We have already done a few frontends with ClojureScript with well-known libraries. The main libraries that were chosen as follows:

  • Reagent for UI layer. It’s a tiny wrapper around ReactJS.
  • Re-frame for frontend architecture. It defines a common way to handle events and side effects in the application. Generally it’s the same as Flux in Javascript.

As professionals we know that quality of a code matters not only at the time of development, but mostly when doing maintenance. To keep the quality of the code we used extreme programming, pair programming, code reviews and other methodologies. As automated quality checkers we used the following tools:

  • Cloverage a code coverage tool that shows what code is not covered in tests.
  • Kibit a code linter tool that checks  if an expression of piece of code could be simplified/replaced by Clojure core function.
  • Eastwood a code linter that checks code for suspicious expressions.
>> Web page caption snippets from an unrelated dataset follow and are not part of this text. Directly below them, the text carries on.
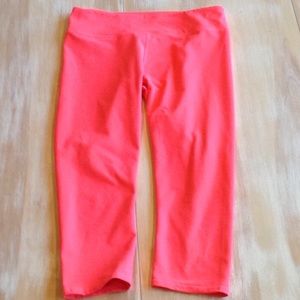 Fabletics-Workout Capri pants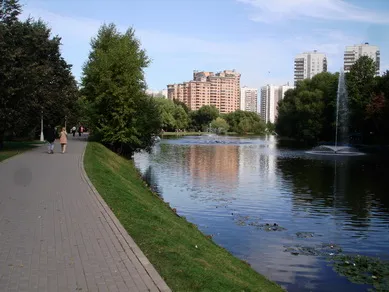 Plimbare prin parc Vorontov și Estate Voronțov, atracții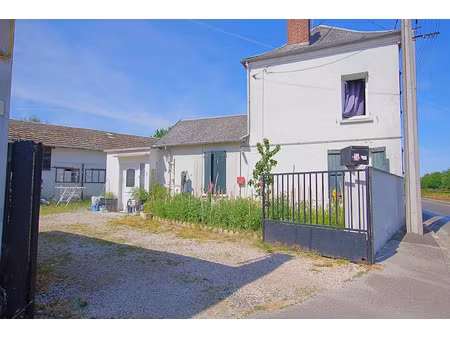 vente maison 5 pièces 102 m² à eppeville (80400)  90 000 €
As a session storage Redis was chosen for two main reasons:

  1. We have a good experience with this in-memory key-value storage
  2. To keep the technology stack consistent and small as possible (Redis is used in other services)

Next steps

The delivery pipeline described in previous chapters is fine for a short time to market but of course it still can be improved. For the client it is important to have a delivery time as small as possible. So our next step could be to split the delivery pipeline for backend and frontend. The frontend can be built and deployed separately, directly to an AWS S3 bucket. AWS S3 is a key-value storage that allows fast serving of a static content. By splitting the delivery pipeline the time taken to build and test the backend could be cut-off.


Our goals were to deliver an MVP of Self-care application with a short time to market. We knew that the application would be here for a long time so our architecture was focused on preparing a solid and stable code for ongoing improvements.

The delivery pipeline was designed for a short time to market when adding new features. This approach allowed us to do small many deploys during the day without an outage. The application was delivered to production within weeks.

The customer was satisfied not only with the quality of the delivery but especially with the whole process. So we currently continue on new features for the self-care and process end-users feedback. The new features are integrations with other banks and also UI improvements.